**EXERCISE BRIEF**:
Only the lines of the listing below that run from the line with "The school is" through the line with "Hey everyone, thanks" are to be set down, word for word. Pictures stay out.

**SOURCE RECORDS**:
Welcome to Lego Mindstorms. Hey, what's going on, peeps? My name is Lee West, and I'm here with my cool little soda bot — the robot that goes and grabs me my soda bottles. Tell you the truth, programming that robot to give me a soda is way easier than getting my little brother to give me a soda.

...

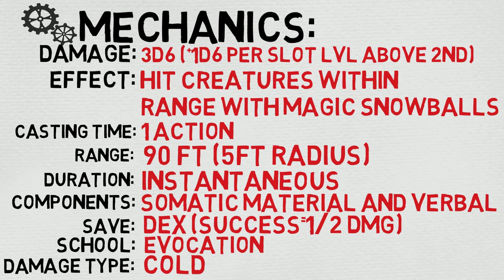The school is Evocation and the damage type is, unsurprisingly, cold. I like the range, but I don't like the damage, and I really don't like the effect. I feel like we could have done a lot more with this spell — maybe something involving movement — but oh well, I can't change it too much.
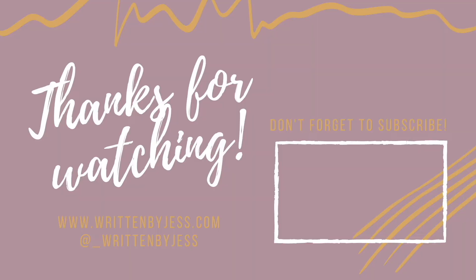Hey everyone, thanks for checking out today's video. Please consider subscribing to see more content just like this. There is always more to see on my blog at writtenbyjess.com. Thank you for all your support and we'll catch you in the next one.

**RESPONSE TO THIS EXERCISE**:
The school is Evocation and the damage type is, unsurprisingly, cold. I like the range, but I don't like the damage, and I really don't like the effect. I feel like we could have done a lot more with this spell — maybe something involving movement — but oh well, I can't change it too much.
Hey everyone, thanks for checking out today's video. Please consider subscribing to see more content just like this. There is always more to see on my blog at writtenbyjess.com. Thank you for all your support and we'll catch you in the next one.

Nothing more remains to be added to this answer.